I am new to the forum but I have been aware of this addiction for many years now. My goal is to keep a positive mentality around this and search for direct results while also understanding that I need to be patient and consistent.

I am happy and thankful to have found this forum and community which seems to be focused only in recovery and does not has other distractions around :)
 

SaveTheSoul

Active Member
My view is that overanalyzing the psychological reasons and the life circumstances that have led to my addiction can be a bit counterproductive. I do not say with this that one shouldn't have a serious understanding behind the causes of the addiction and the way it affects us...I just mean that one can sink in overthinking too much and forget that life is about taking actions and living. I do not want to spend my entire life analyzing the causes for the issues I might encounter but I would rather search for direct results.
 

SaveTheSoul

Active Member
Therefore I will set some simple direct objectives for myself:

-To fully quit pornography and masturbation.

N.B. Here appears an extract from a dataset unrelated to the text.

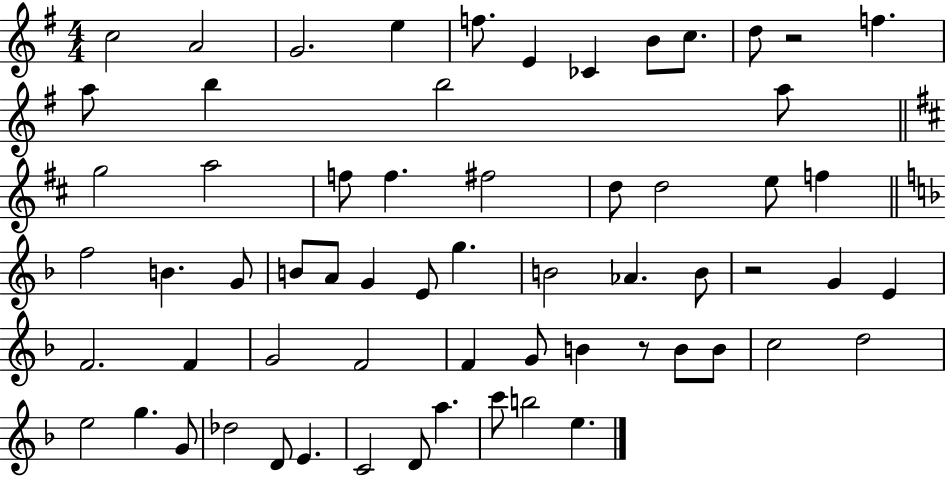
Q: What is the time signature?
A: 4/4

-To be free of distractions and use my time in highly productive ways.

-To fix my sleep routine and overall habit accomplishments.

-Become more socially active and externally driven.
 

SaveTheSoul

Active Member
It interesting to see how many triggers there are, so many black holes of the addiction. It feels like I am addicted generally to pleasure and anything that promises pleasure, especially if it is sexual, it attracts me. And I seek it. I guess the objective is to learn to live without the intense and constant pleasure infusion. And hopefully to that in calmness see some sort of inner benefits. I assume it is related to mental strength...
 

SaveTheSoul

Active Member
I edged, not proud of it. Anyways I will just keep going, instead of fully giving up and relapsing. I recognized that I was making a mistake, stopped, and focused on continuing with the journey. But I have to be honest about stepbacks so that I why I post it.
 

SaveTheSoul

Active Member
AND I relapsed. Well I tried.

Ok so now I start again. I have the confidence that I will win I just haven't done it yet. And it is a bit frustrating because I have the brain, mind and life of an addict so I do not really know how to exactly get rid of it. If feels as if I need some sort of superhuman strength. It just feels like that. I feel like this I have to open an acorn and I do not have a clue of how to do it. I feel uncapable to do it. And I am not even depressed as a cause of this, like I wrote I am confident but completely lost at how to solve this.
 
Glad to hear you're picking yourself up and starting again, good luck!

I know that feeling of wanting to stop but being at a loss as to where to start or how to go about it. What is proving helpful for me this reboot is clearly knowing why I want to change and learning more about the neuroscience of addiction. I found that reading Your Brain on Porn's summaries of research into porn addiction really fueled my desire to quit. I found it helped make the issue less about me and my failings and more about the brain and its nature.
 

SaveTheSoul

Active Member
Glad to hear you're picking yourself up and starting again, good luck!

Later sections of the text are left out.